Foreign venture capital investment in India


FOREIGN VENTURE CAPITAL INVESTORS AND RELATED REGULATIONS

Venture Capital is a type of seed funding in which investment is made at the initial growing stage of ventures. It is a financing to small and start-up ventures, which has high risk and potential to develop near future. The Venture Capital Investors are generally put their funds in those companies, which are with new ideas, innovations and having potential of high growth with inherent uncertainties.

Venture Capital Investors are also called as 'Angel Investors' they are a group of investors, who have pooled their money in variety of sources. They are acting as an angel for start-up entities and small business organisation. Since start-ups with new and innovative ideas are not supported by the Banks or financial institutions, because of having no track records of business. They are facing tough time to finance their ideas and innovations from banks and financial institutions.

The 'Angel Investors' are those Hight Net-Worth Individuals who have retired from MNCs and have ample funds to invest in new and innovative ideas. They are generally investing in that fields in which they are familiar.

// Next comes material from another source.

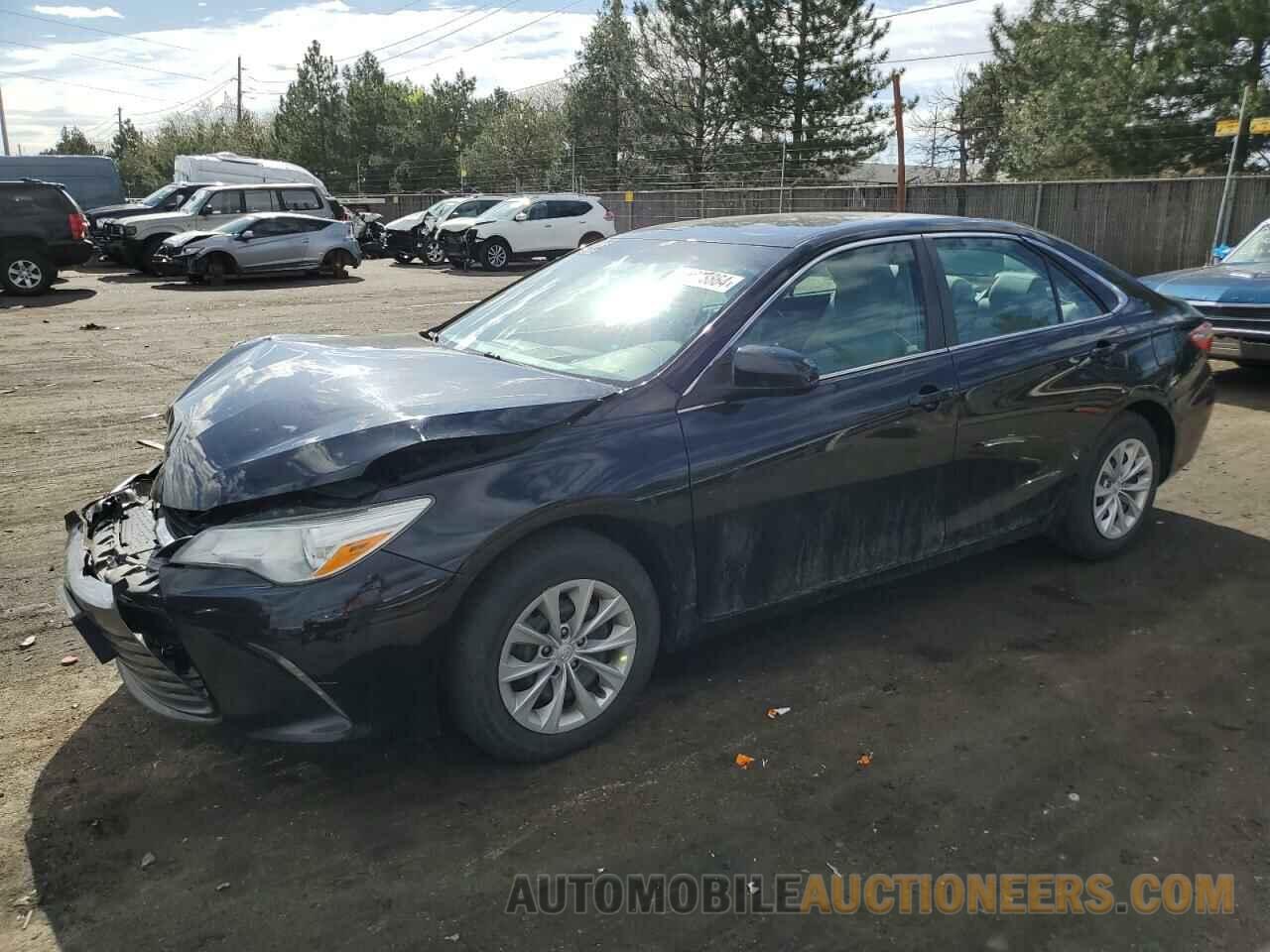 4T4BF1FK8GR559936 TOYOTA CAMRY 2016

The Government of India has taken various steps to promote Venture Capital Funding’s, as mentioned in the report of K.B. Chandrasekhar Committee on Venture Capital;

'with a view to promote innovations, enterprise and conversion of scientific technology and knowledge-based ideas into commercial production, it is very important to promote venture capital activities in India. A flourishing venture capital industry in India will fill the gap between the capital requirements of technology and knowledge-based start-up enterprises and funds available from traditional institutional lenders such as the banks. The gap exists because such start-ups are necessarily based on intangible human assets and technology enabled mission, often with a hope of changing world. Since they do not have physical assets and low risk-based projects and hence they are not favourite to banks and financial institutions.'

REGULATION OF FOREIGN VENTURE CAPITAL INVESTORES

The FVCI are regulated by;

1. SECURITY EXCHNGE BOARD OF INDIA

SEBI (Venture Capital Funds) Regulations, 1996, they are considered as an Investor Class under these regulations.  

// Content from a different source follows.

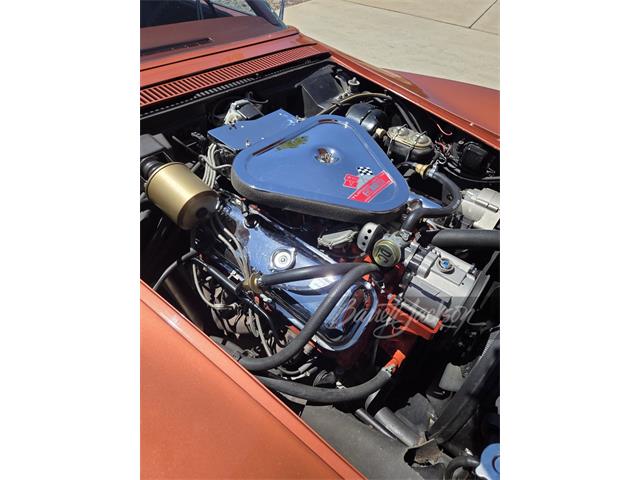 1968 Chevrolet Corvette (CC-2102631) for sale in Las Vegas, Nevada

Foreign Venture Capital Investor (FVCI) has been defined as;

'to mean an investor incorporated and established outside India, is registered under these Regulations and proposes to make investment in accordance with these regulations.'

ELIGIBILITY: to be registered under SEBI(FCVI) Regulations, applicant can be Pension Fund, Mutual Fund, Investment Trust, Investment Company, Investment Partnership, Asset Management Company, Endowment Fund, University Fund, Charitable Institution or any other investment vehicle established or incorporated outside India.

CONDITIONS OF INVESTMENT: Regulation 11 of SEBI (Foreign Venture Capital Investor) Regulations, 2000 provides following regulations to be followed by all FVCI;

a. FVCI should disclose to SEBI its investment strategies;

b. While it can invest its total funds committed in one Venture Capital fund, it shall however not invest more than 25% of funds committed to investment in India in one Venture Capital Undertaking;

c. It shall make investments in Venture Capital Undertaking as follows;

  1. At least 66.67% of investible funds shall be invested in unlisted equity shares or equity linked instruments;
  2. Not more than 33. 33% of the investible funds may be invested by way of;
  • Subscription of initial public offer by Venture Capital Undertaking, whose share are proposed to be listed and having lock-up period of one year;
  • Debt or debt instruments of Venture Capital Undertaking in which Venture Capital Investor has already made investment in Equity Shares;
  • Preferential allotment of shares of listed entity subject to lock-in period of one year;
  • Equity or equity linked instruments of s financially weak company or sick industrial company whose shares are listed;
  • SPVs created for the purpose of facilitating and promoting investment in accordance with these regulations.
  • It shall disclose the duration or life cycle of the investments.  

2. RESERVE BANK OF INDIA:

FEMA, 1999 has categorised the investment by Venture capital Investors in India as Capital Account Transactions and are regulated by Notification No. 20/2000-RB dated 3rd May, 2000 Foreign Exchange Management (Transfer or Issue of Security by a Person Resident outside India) Regulation, 2000.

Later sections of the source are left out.